▸ **RECORDED INFORMATION**:
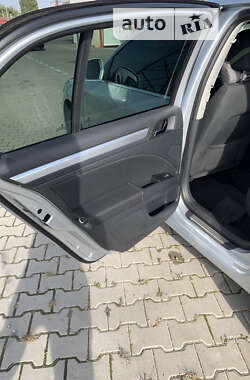 Лифтбек Skoda Superb 2015 в 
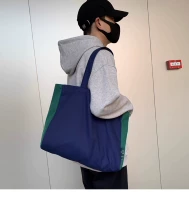 Синий зеленый вместительный и большой шоппер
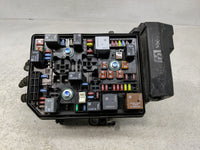 2018-2021 Gmc Terrain Fusebox Fuse Box Panel Relay Module P/N:812461952 Fits Fits 2018 2019 2020 2021 2022 OEM Used Auto Par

▸ **EXERCISE OBJECTIVE**:
Retype the listing above exactly, please. Pictures do not belong in the copy.

▸ **ANSWER TO THE PROBLEM**:
 Лифтбек Skoda Superb 2015 в 
 Синий зеленый вместительный и большой шоппер
 2018-2021 Gmc Terrain Fusebox Fuse Box Panel Relay Module P/N:812461952 Fits Fits 2018 2019 2020 2021 2022 OEM Used Auto Par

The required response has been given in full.